I am inclined to just commit this mapping to the repo and add the script so we could update it quickly if things change? Or is this a really crappy idea?

…cess into icechunk_opener

github-actions · 2025-11-19T21:38:31Z

User jbusecke does not have permission to run integration tests.
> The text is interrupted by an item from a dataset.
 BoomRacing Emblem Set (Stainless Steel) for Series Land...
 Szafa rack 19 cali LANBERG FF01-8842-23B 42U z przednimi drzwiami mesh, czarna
A maintainer must perform a security review of the code changes in this pull request and re-run the failed integration tests jobs, if the code is deemed safe.

jhkennedy · 2025-11-19T21:51:20Z

I am inclined to just commit this mapping to the repo and add the script so we could update it quickly if things change?

This probably makes the most sense for now.

few exceptions:

{
  "asf-cumulus-prod-opera-browse": [
    "https://cumulus.asf.alaska.edu/s3credentials",
    "https://cumulus.asf.earthdatacloud.nasa.gov/s3credentials"
  ],
  "asf-cumulus-prod-opera-products": [
    "https://cumulus.asf.alaska.edu/s3credentials",
    "https://cumulus.asf.earthdatacloud.nasa.gov/s3credentials"
  ]
}

These both should work identically but cumulus.asf.alaska.edu is deprecated in favor of cumulus.asf.earthdatacloud.nasa.gov since we're being asked to consolidate under .nasa.gov and the alaska.edu one will be removed at some point (it's at least quarters away from happening).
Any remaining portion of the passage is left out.